Spotlight on Advanced Metering Infrastructure

The AMI case book includes six case studies providing qualitative insights into the potential costs and benefits of advanced metering infrastructure (AMI), and the associated business cases for investment.

Each case presented has its own unique set of characteristics and drivers, which is indicative of the diverse range of motivating drivers for smart grid and AMI globally.

The lessons learned and best practices presented in the six case studies included in this case book provide qualitative insights into the potential costs and benefits of advanced metering infrastructure (AMI), and the associated business cases for investment. Each case presented has its own unique set of characteristics and drivers, which is indicative of the diverse range of motivating drivers for smart grid and AMI globally. It follows then that the specific costs, benefits and business cases vary from case to case. Still. there are a number of best practices and common themes emerging from these cases that are likely to be useful for any jurisdiction investigating or deploying AMI.Those common best practices and insights are presented here.

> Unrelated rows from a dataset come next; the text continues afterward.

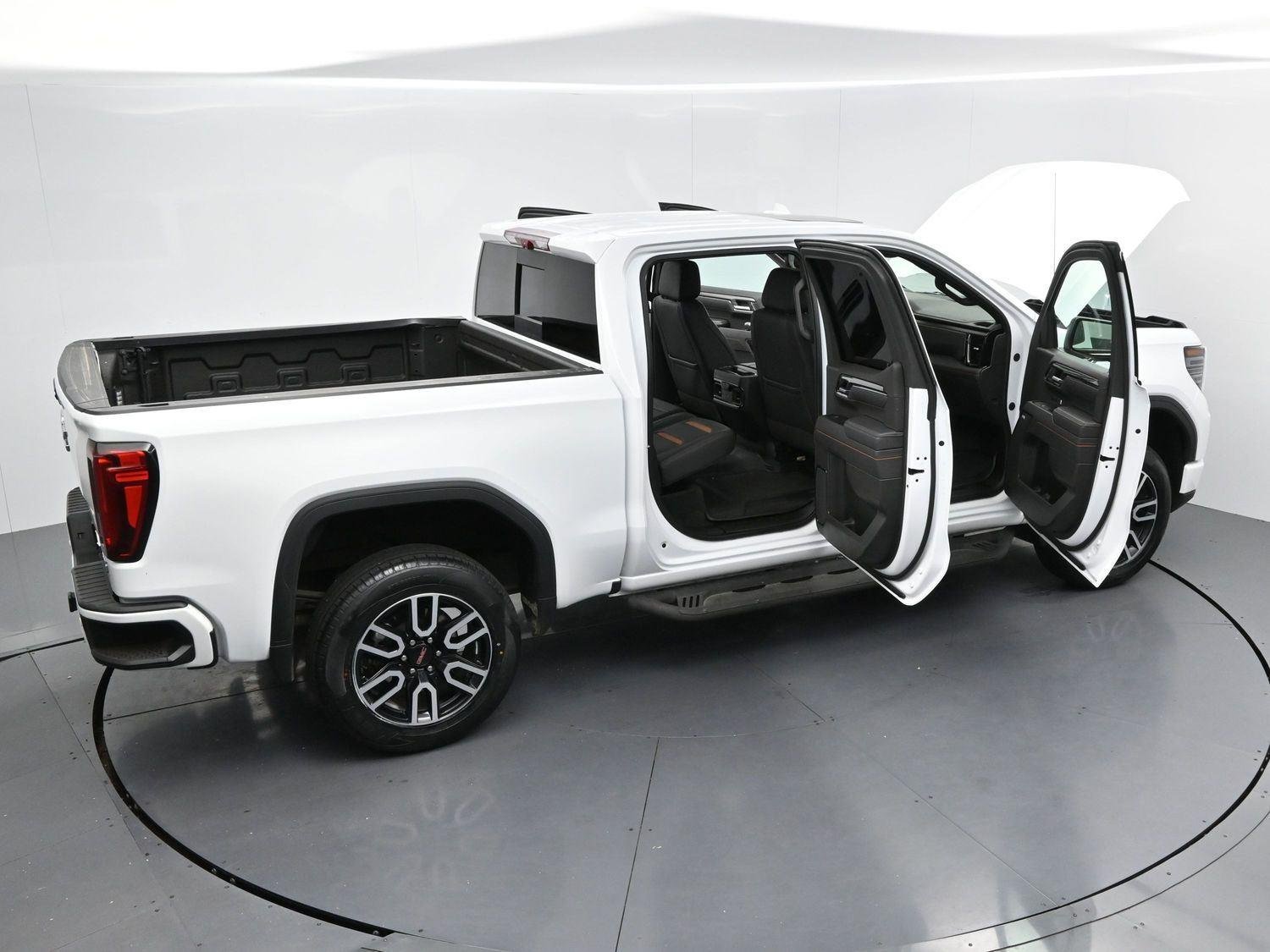Used 2025 Summit White GMC AT4 image 42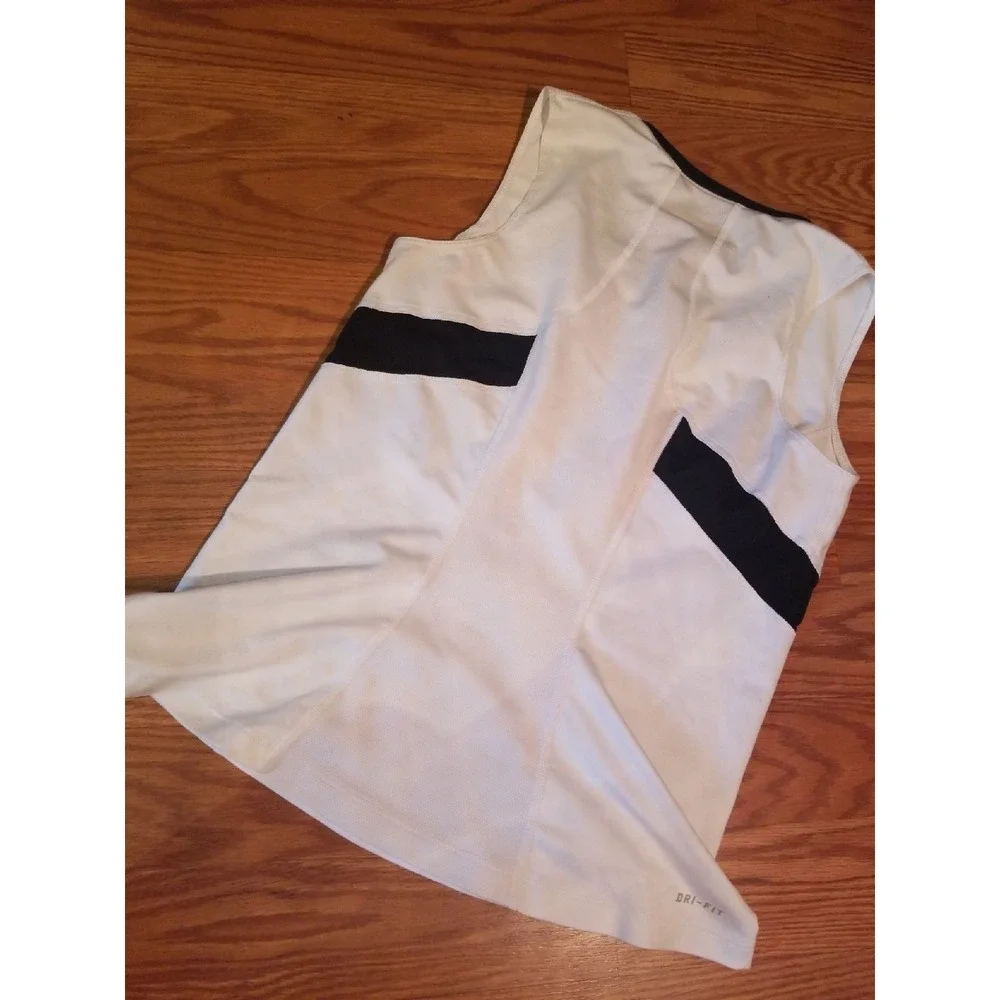 Nike shirts for women‎ dri fit med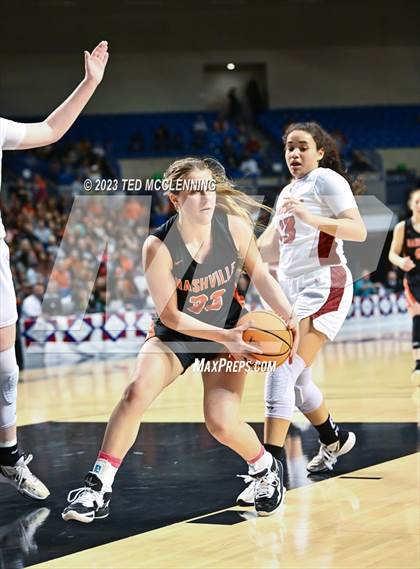 Thumbnail 3 in Farmington vs. Nashville (AAA 4A State Final) photogallery.
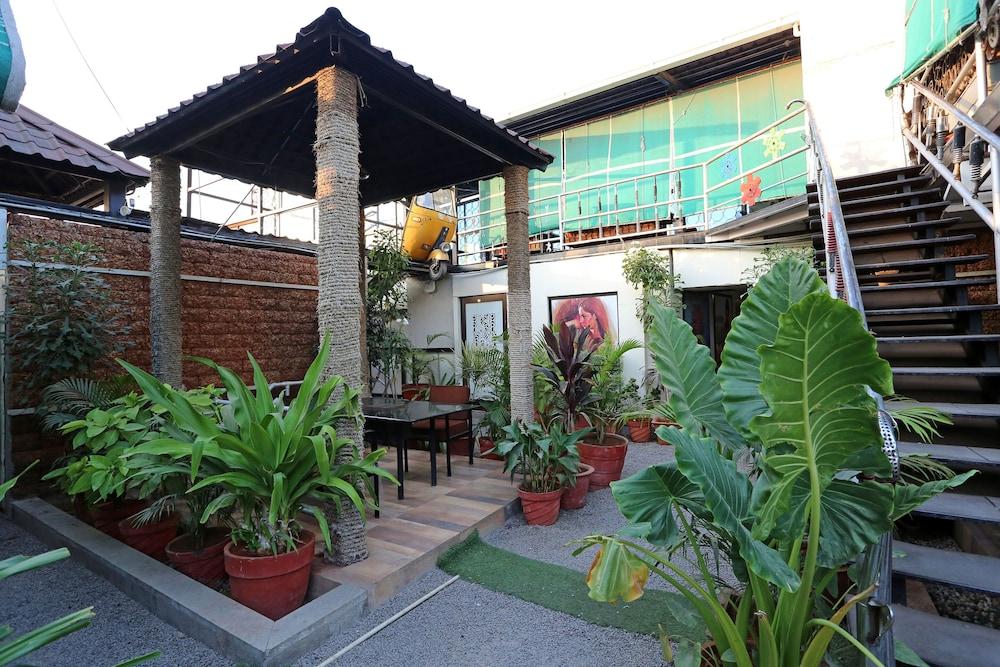 Hotel Oyo Premium Kothapet 3*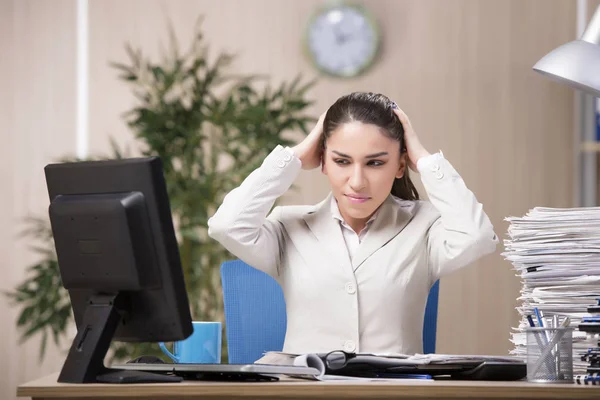 Empresária que trabalha no escritório — Fotografia de Stock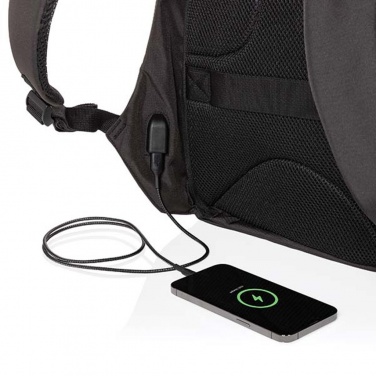 Logotrade ärikingituse foto: Swiss Peak AWARE™ vargusvastane 15,6-tolline sülearvuti seljakott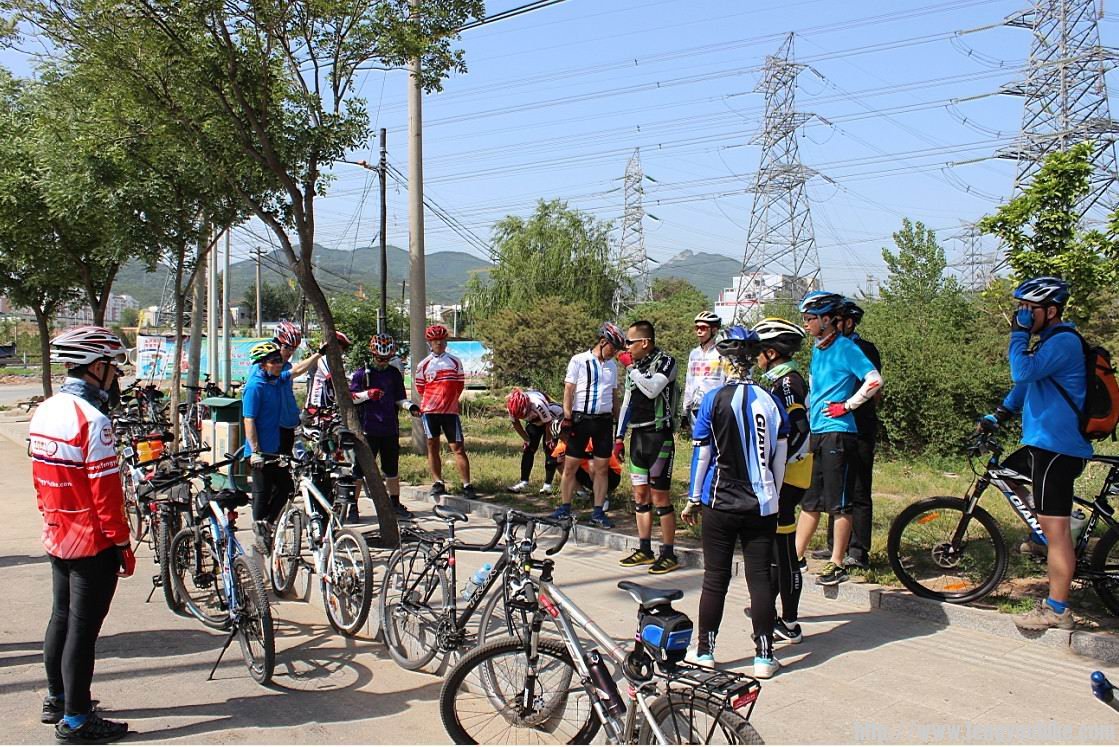 石门营环岛集合点名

It should be noted that these six cases represent only a portion of global experience in considering and deploying AMI. In addition, AMI is only one system of technologies among a broad menu of options that can constitute a “smart grid.” Some countries consider an AMI a prerequisite for their smart grid, while others have dismissed the importance of AMI to grid modernization. Additional cases have been solicited or are under development that will enlarge global understanding of the role AMI can play as one possible component of smarter electricity networks worldwide.